Twenty-five states, including California, have laws establishing compulsory union fees. Laws in two dozen “right -to-work” states prohibit them. By 2013, two years after legislators rescinded Wisconsin’s mandatory fees, a third of that state’s teachers had stopped paying dues.
Because of the Abood ruling, teachers already don’t have to pay the share of dues that goes to political purposes, such as supporting candidates for school boards and the Legislature and, in California, initiatives like Proposition 30, which established temporary taxes. About 30 to 40 percent of the approximately $1,000 in dues that California teachers pay annually funds political activities. Each year, about 29,000 teachers – less than 10 percent of teachers in the state – sign a declaration to get a rebate for that money.
However, Rebecca Friedrichs, a 27-year elementary teacher in the Savanna School District in Anaheim, and the other plaintiffs argue that agency fees violate their free speech rights. States, they argue, shouldn’t force them to pay fees to a union whose positions on issues like tenure, class size, teacher evaluations or merit-based compensation they don’t support.
Pell said there are indistinguishable differences between what is and isn’t considered political speech under the Abood ruling. “Everything the union does is political,” he said in an interview last year.
As a fallback position, attorneys for the teachers asked the court to require that unions ask employees to affirmatively opt in every year to pay agency fees, instead of having to opt out of automatic dues collection.
The court in Abood determined that states, as employers, have an interest in negotiating with a financially viable union serving the interests of workers. They can establish fair-share fees to prevent “free riders” – workers who get all of the benefits of representation without sharing any of the costs. The CTA also argues its positions reflect the views of the majority of its members, who elect the leaders who represent them.

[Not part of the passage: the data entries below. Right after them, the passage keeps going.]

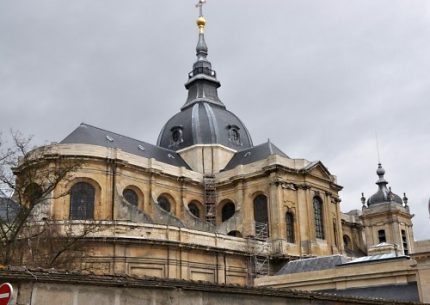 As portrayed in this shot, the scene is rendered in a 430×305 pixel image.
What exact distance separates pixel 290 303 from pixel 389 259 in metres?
14.0

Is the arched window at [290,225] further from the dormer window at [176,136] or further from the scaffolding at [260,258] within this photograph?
the dormer window at [176,136]

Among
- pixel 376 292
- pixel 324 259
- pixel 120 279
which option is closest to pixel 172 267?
pixel 324 259

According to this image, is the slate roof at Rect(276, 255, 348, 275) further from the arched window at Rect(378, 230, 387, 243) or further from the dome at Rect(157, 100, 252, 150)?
the arched window at Rect(378, 230, 387, 243)

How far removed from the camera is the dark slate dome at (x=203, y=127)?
44.1 meters

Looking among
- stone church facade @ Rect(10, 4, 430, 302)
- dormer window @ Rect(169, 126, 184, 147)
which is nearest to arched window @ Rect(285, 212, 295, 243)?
stone church facade @ Rect(10, 4, 430, 302)

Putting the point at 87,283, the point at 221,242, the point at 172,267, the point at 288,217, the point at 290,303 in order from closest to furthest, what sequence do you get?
the point at 87,283, the point at 290,303, the point at 172,267, the point at 221,242, the point at 288,217

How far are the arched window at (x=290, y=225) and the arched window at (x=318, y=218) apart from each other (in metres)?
1.97

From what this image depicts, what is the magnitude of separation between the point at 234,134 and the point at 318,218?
32.1 ft

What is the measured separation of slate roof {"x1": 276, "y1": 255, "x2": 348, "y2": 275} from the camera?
29586mm

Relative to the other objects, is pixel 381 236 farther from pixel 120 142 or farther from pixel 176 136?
pixel 120 142

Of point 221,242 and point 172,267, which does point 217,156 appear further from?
point 172,267

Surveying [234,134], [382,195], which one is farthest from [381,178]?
[234,134]

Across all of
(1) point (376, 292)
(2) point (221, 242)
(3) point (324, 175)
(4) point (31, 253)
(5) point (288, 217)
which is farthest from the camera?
(3) point (324, 175)

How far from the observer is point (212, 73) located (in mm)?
53625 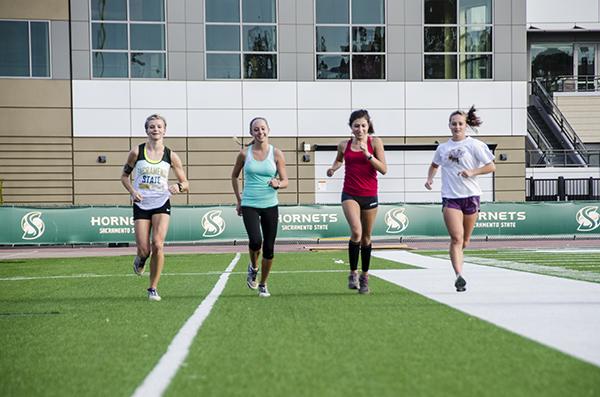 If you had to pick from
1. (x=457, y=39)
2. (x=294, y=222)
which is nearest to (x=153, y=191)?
(x=294, y=222)

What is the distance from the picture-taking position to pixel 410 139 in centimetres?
3419

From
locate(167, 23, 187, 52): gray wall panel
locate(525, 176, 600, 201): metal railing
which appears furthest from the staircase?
locate(167, 23, 187, 52): gray wall panel

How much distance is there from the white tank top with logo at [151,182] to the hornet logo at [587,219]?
71.2ft

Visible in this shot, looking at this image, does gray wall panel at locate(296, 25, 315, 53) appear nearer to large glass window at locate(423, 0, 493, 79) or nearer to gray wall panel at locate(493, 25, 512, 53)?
large glass window at locate(423, 0, 493, 79)

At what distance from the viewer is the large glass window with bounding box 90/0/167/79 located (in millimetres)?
32969

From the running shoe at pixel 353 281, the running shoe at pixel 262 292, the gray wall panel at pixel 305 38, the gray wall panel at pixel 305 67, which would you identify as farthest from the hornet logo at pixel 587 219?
the running shoe at pixel 262 292

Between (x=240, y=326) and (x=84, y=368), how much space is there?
1.95 meters

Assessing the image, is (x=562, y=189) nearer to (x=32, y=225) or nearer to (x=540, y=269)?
(x=32, y=225)

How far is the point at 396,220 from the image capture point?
2789 cm

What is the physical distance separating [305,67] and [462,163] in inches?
965

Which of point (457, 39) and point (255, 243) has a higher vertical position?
point (457, 39)

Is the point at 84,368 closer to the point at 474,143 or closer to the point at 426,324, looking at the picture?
the point at 426,324

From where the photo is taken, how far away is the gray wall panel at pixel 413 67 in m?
34.1

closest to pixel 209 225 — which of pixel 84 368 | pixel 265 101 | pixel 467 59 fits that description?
pixel 265 101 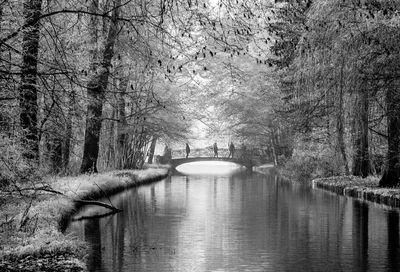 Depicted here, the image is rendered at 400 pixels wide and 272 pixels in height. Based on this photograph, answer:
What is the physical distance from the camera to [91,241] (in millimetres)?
14016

At least four of the nine Supreme Court justices must agree to take a case. Last year, Justice Samuel Alito appeared to invite a re-hearing of Abood in writing the majority opinion in Harris v. Quinn, a narrow decision involving Illinois health-care workers. Alito referred to the “questionable foundations” of the Abood decision. In response, attorneys for the teachers asked federal courts in California to put Friedrichs on a fast track so that the Supreme Court could take up the challenge of Abood. The courts responded by moving the case forward without holding a full trial and oral arguments on appeal.
In a brief filed last month defending the state law on compulsory fees, California Attorney General Kamala Harris cited the expedited proceeding as a reason the Supreme Court shouldn’t take up the case. She said Friedrichs makes a sweeping assertion that all bargaining is political without citing specifics or establishing a record on which to rule.
“Even if there were some reason to revisit Abood, this case would not be a good vehicle for doing so,” Harris wrote.
Three times in the past 16 years, California voters have defeated initiatives to eliminate the compulsory fees deduction or prohibit unions from collecting a portion of dues for political purposes. Worried that the conservative Supreme Court majority might overturn Abood, the CTA’s leaders have looked ahead. Last year, at its conference for local union presidents, the CTA shared a 23-page presentation on Friedrichs with the fatalistic title “Not if but when: Living in a world without Fair Share.”
However, as last week’s 6-3 Supreme Court ruling upholding a key provision of the Affordable Care Act showed, a willingness to revisit a case does not necessarily foreshadow a decision to overturn it.